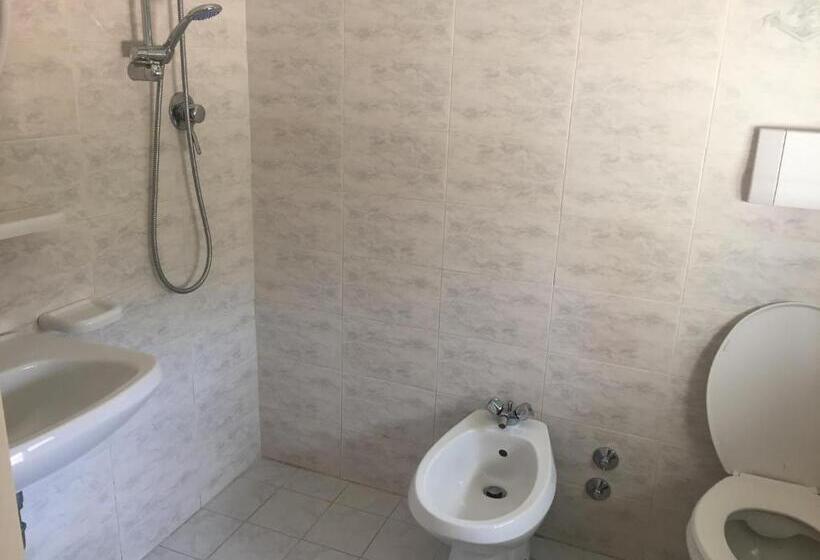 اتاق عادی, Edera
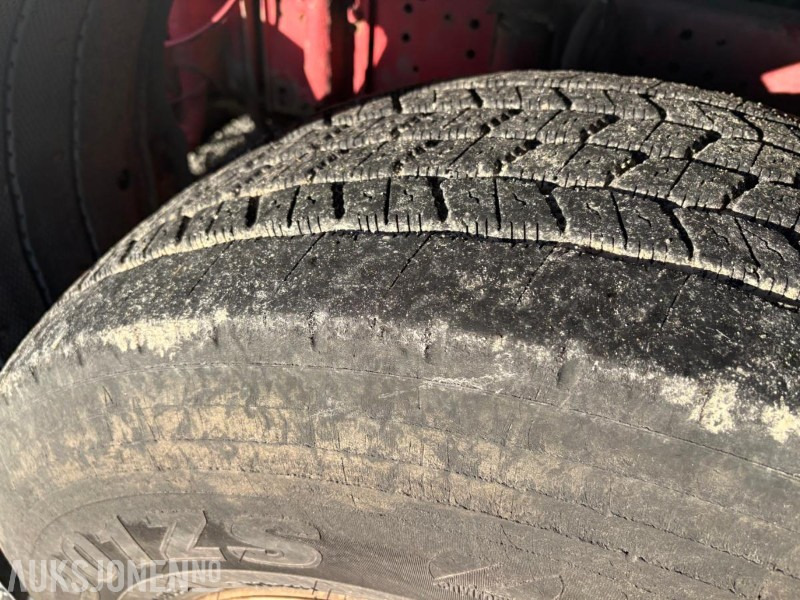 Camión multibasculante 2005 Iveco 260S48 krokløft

____

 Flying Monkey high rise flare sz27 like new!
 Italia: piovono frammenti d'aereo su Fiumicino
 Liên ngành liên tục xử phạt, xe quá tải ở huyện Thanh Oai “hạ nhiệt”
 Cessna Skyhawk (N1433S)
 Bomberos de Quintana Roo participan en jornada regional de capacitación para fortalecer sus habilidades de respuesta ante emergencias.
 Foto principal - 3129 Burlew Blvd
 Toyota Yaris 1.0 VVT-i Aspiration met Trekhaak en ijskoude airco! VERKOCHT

____

**REQUIREMENT:** Would you copy out exactly the lines above that start at the one containing "Liên ngành liên" and end at the one containing "Foto principal - 3129 Burlew Blvd", inclusive?

**EXERCISE RESULT:**
 Liên ngành liên tục xử phạt, xe quá tải ở huyện Thanh Oai “hạ nhiệt”
 Cessna Skyhawk (N1433S)
 Bomberos de Quintana Roo participan en jornada regional de capacitación para fortalecer sus habilidades de respuesta ante emergencias.
 Foto principal - 3129 Burlew Blvd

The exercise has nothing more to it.